Fortunately they spent £200m on a whole new forward line, and we could just as easily have plumped for either Matheus Cunha or Bryan Mbeumo here, who have scored a goal and claimed no assists in the Premier League in 846 minutes combined, but we must all at least concede that they are an improvement on whomever was operating in those inverted positions last season.
That’s not the case with Sesko, though. He’s got one goal, and needed three bites at that before he scored against Brentford, and is doing excellent work to realise the Manchester United fear that they have replaced one inexperienced striker who crumbled under the pressure with another.

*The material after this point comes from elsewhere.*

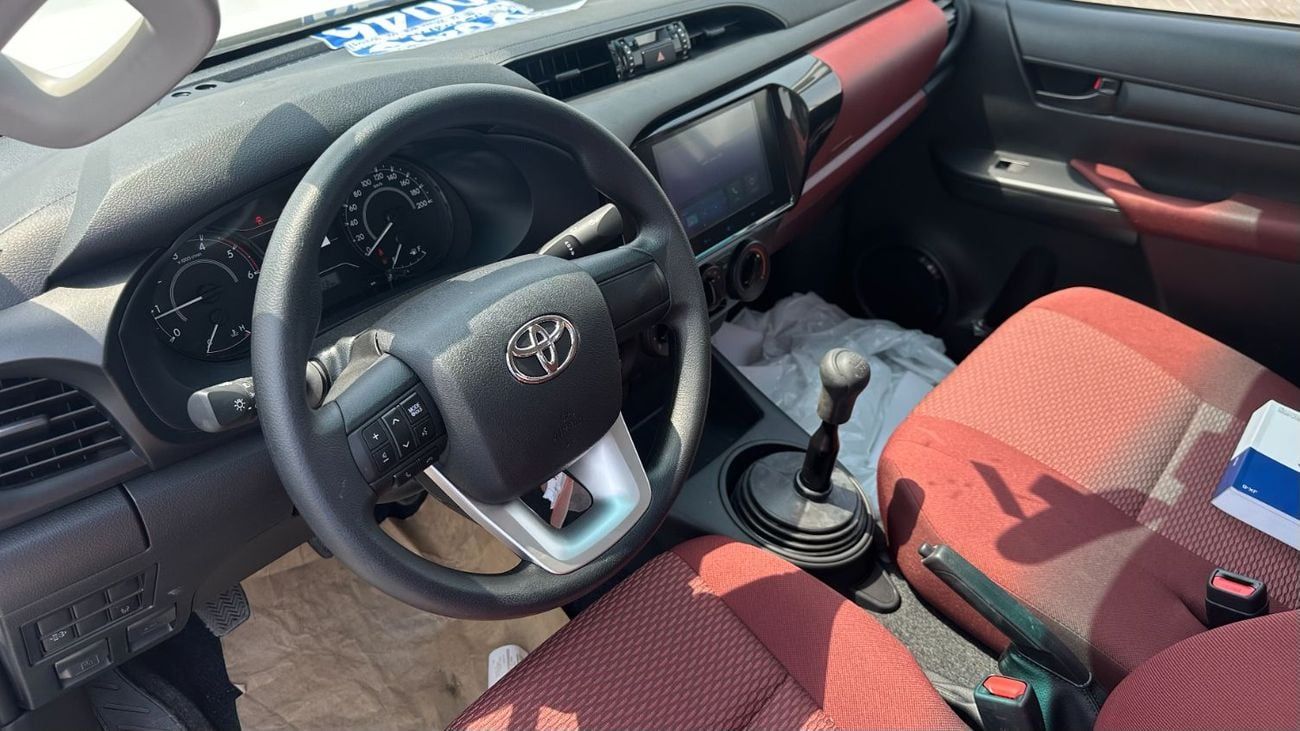 Toyota Hilux S GLX 2.4L 4WD M/T | Mid Linear (Chrome Edition)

Rasmus Hojlund starring for Napoli having escaped Old Trafford is one of a full 20 reasons United should sack Ruben Amorim.
Rodri (Manchester City)
“He is not injured but in the tendon he has a difficulty,” Guardiola said when asked about Rodri’s absence against Burnley, before claiming he was taken off after an hour against Monaco for tactical reasons. ACL injuries are famously difficult to return from and easing him back into action is the way to go.

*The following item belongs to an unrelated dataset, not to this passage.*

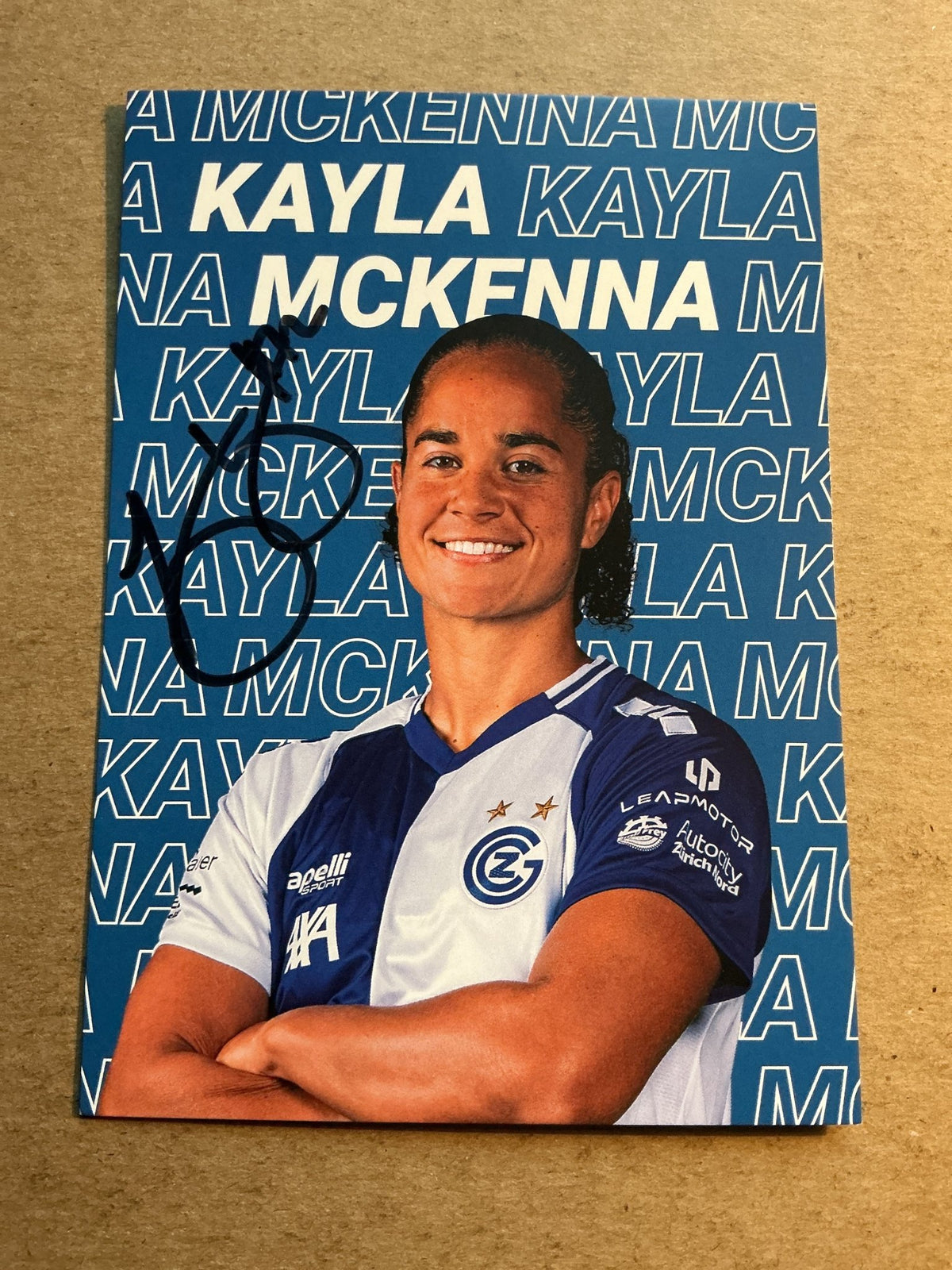 Kayla McKenna, Jamaica 🇯🇲 Grasshopper Club Zürich 2025/26 hand signed - Autographs-World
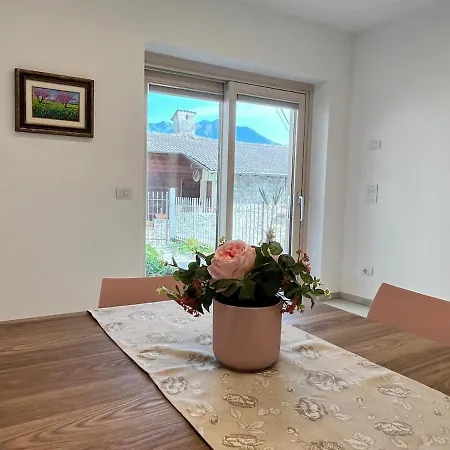 Weinrose - Natura Monti Ferienhaus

But Nico Gonzalez replacing him on Wednesday before allowing Eric Dier a good sniff of his shin pad to concede a penalty in the dying moments, while simply a poor decision, will only add to the feeling that the £50m(?!) signing from Porto is not the Spain international’s long-term successor.
Rodri should be in his prime at 29, but City’s metronome has lacked rhythm this season, and the apparent search for another No.6, just eight months after Gonzalez was recruited, which has seen Carlos Baleba, Adam Wharton and Elliot Anderson linked with a move to the Etihad, in itself raises huge questions as to whether Guardiola and the City bosses ever expect Rodri to return to his Ballon d’Or best.
Milos Kerkez (Liverpool)
While we’re reticent to judge books by covers and refuse to sign up to the view that All Footballers Are Idiots, we can’t help but feel – entirely unfairly – after a start to his Liverpool career in which Kerkez doesn’t really look like he knows what he’s doing, that the 21-year-old may not be the fastest of learners.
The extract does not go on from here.